[Short text fragments from websites]
===============
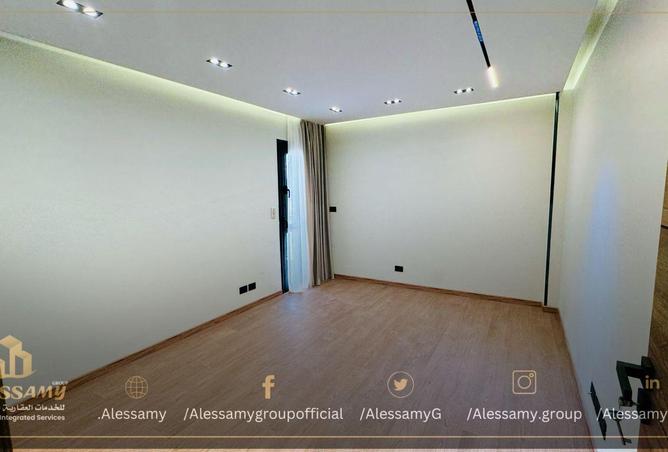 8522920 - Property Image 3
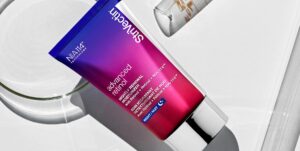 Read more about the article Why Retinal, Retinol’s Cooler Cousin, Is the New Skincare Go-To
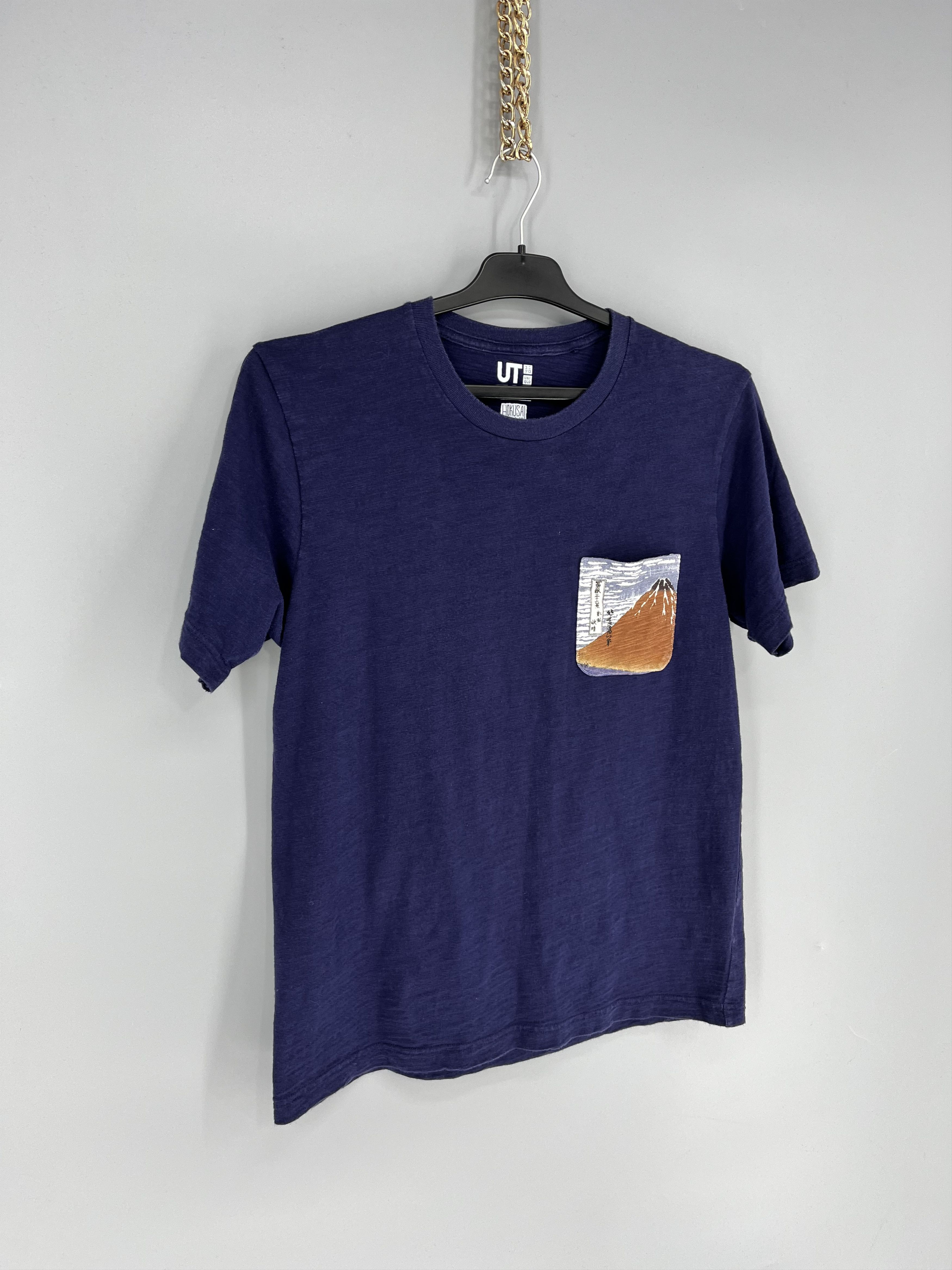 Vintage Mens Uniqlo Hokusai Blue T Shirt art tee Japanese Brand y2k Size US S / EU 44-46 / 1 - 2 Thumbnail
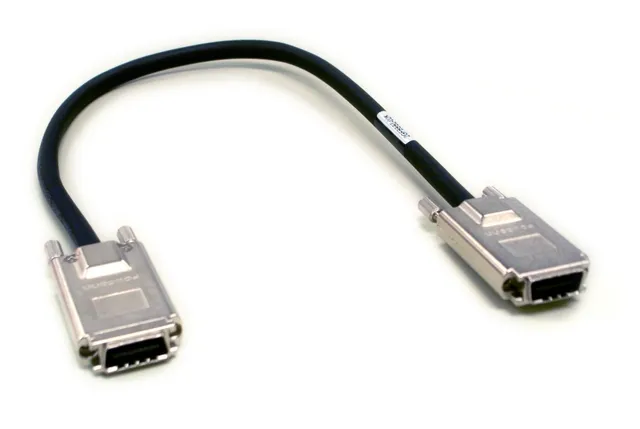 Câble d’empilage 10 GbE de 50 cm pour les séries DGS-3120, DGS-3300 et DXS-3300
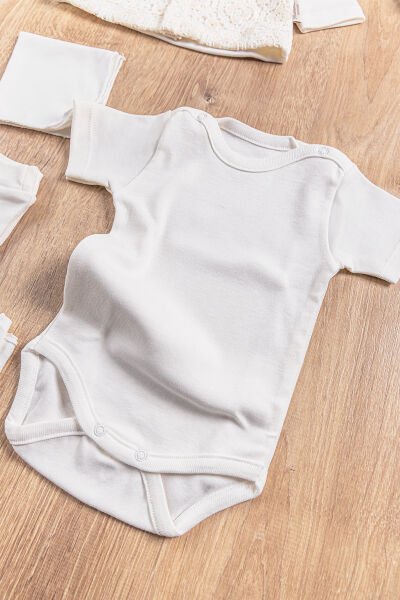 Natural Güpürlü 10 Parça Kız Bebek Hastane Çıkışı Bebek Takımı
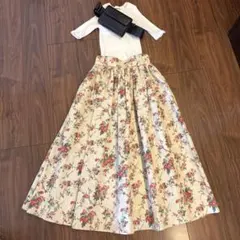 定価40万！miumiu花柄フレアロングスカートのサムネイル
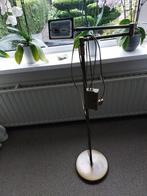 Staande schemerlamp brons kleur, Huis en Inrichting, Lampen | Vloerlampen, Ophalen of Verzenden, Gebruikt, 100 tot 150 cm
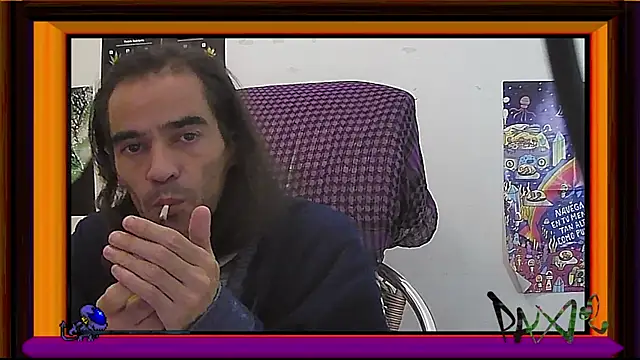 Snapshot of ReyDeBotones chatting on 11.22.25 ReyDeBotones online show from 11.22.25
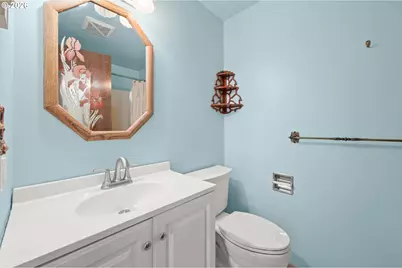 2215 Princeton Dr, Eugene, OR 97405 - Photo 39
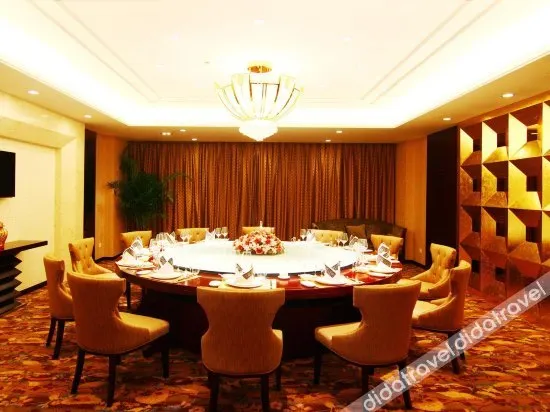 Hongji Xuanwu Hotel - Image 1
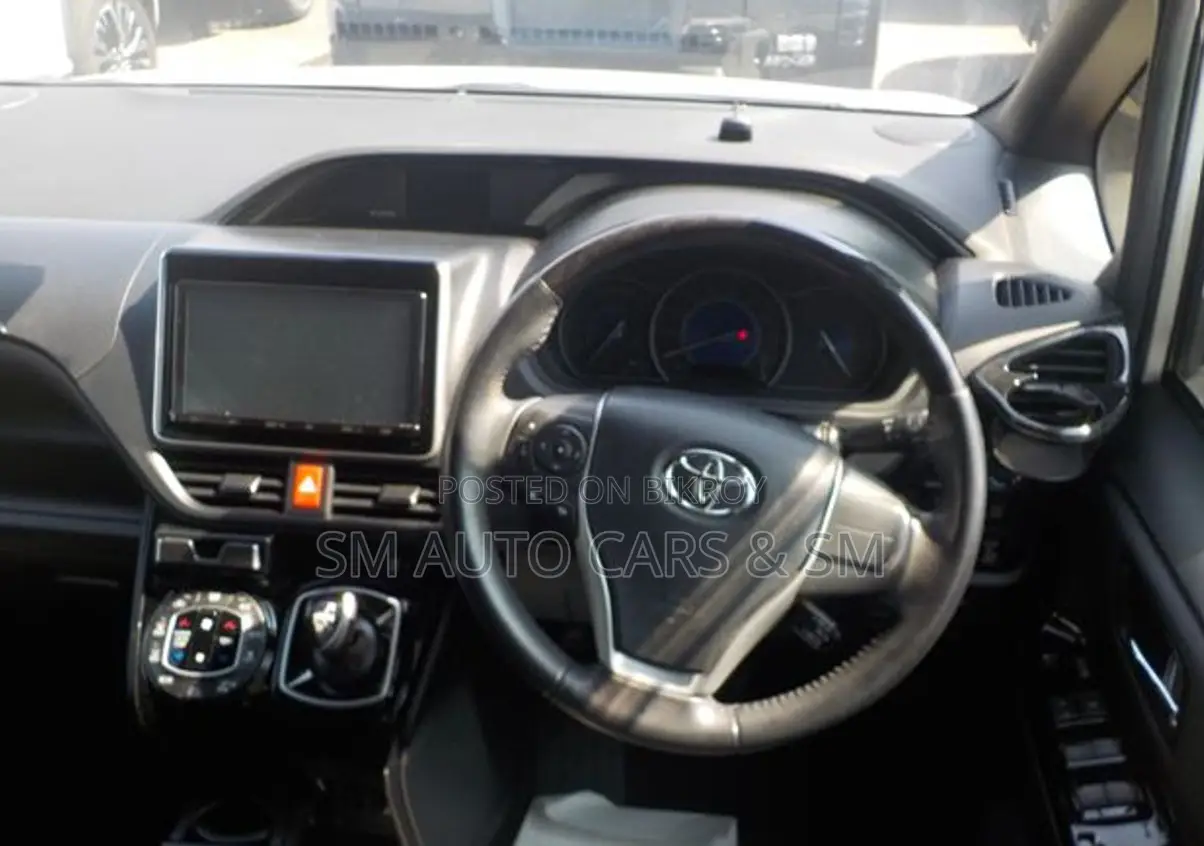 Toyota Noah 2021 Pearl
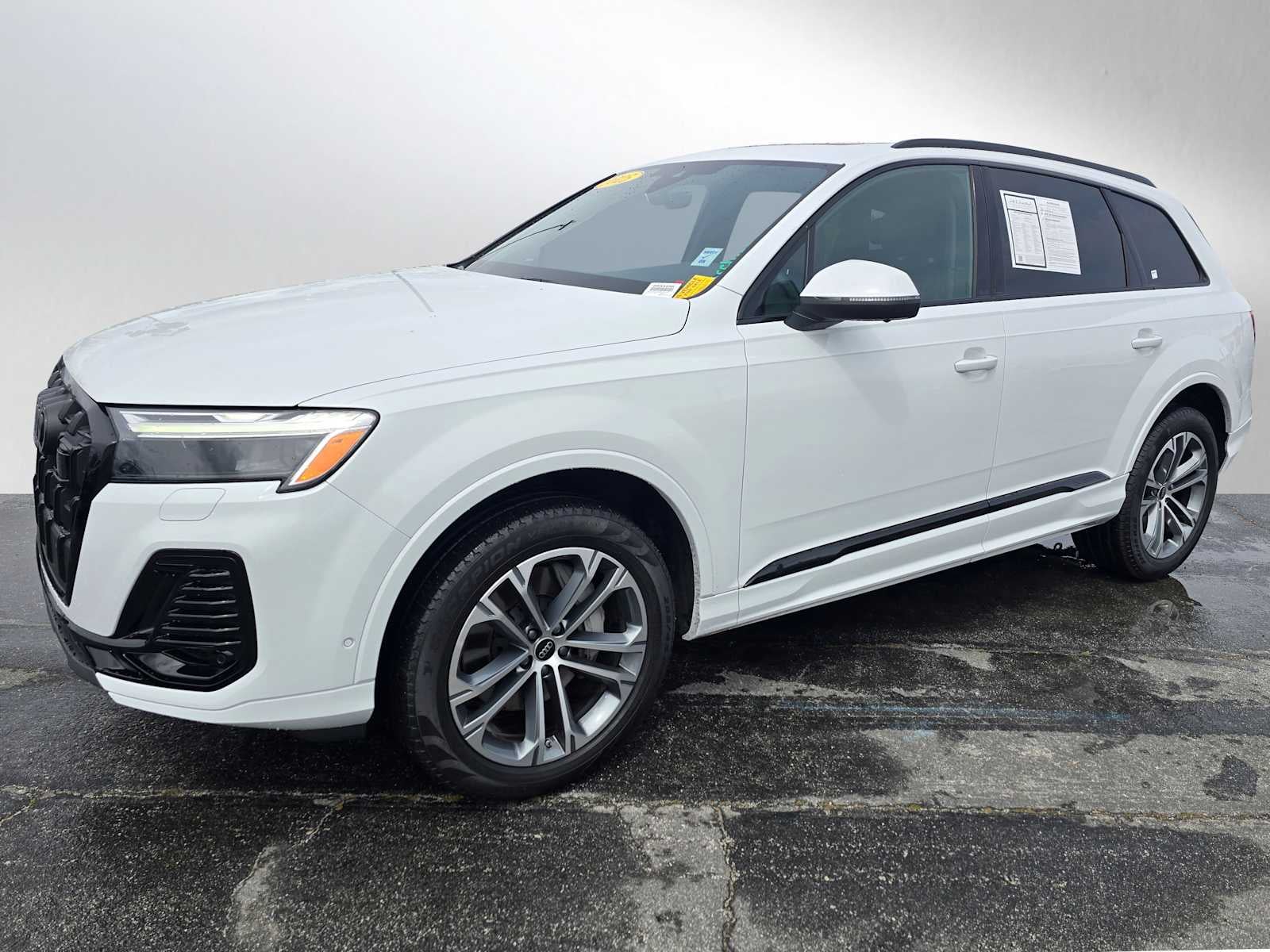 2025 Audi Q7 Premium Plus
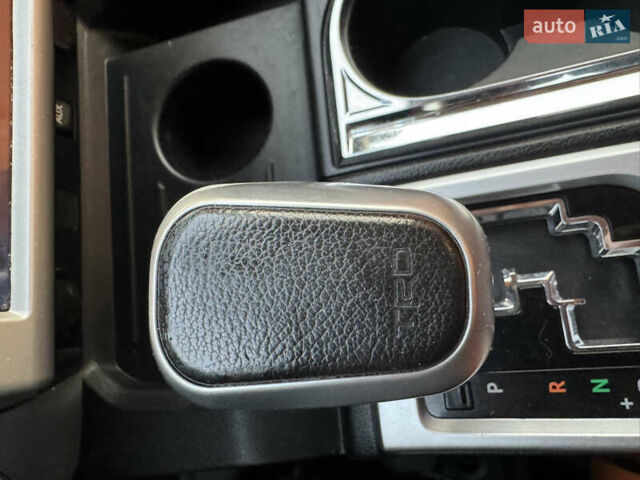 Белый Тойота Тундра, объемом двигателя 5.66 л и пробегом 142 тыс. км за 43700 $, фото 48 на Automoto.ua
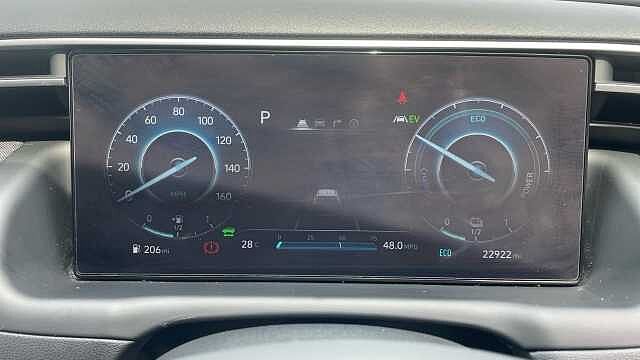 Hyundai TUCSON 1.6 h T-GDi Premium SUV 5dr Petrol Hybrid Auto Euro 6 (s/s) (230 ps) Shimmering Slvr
===============
About this exercise>
From the line holding "Staande schemerlamp brons" to the final line of the data above, give each line again exactly, both ends included, and drop the pictures.

Response area>
 Staande schemerlamp brons kleur, Huis en Inrichting, Lampen | Vloerlampen, Ophalen of Verzenden, Gebruikt, 100 tot 150 cm
 Snapshot of ReyDeBotones chatting on 11.22.25 ReyDeBotones online show from 11.22.25
 2215 Princeton Dr, Eugene, OR 97405 - Photo 39
 Hongji Xuanwu Hotel - Image 1
 Toyota Noah 2021 Pearl
 2025 Audi Q7 Premium Plus
 Белый Тойота Тундра, объемом двигателя 5.66 л и пробегом 142 тыс. км за 43700 $, фото 48 на Automoto.ua
 Hyundai TUCSON 1.6 h T-GDi Premium SUV 5dr Petrol Hybrid Auto Euro 6 (s/s) (230 ps) Shimmering Slvr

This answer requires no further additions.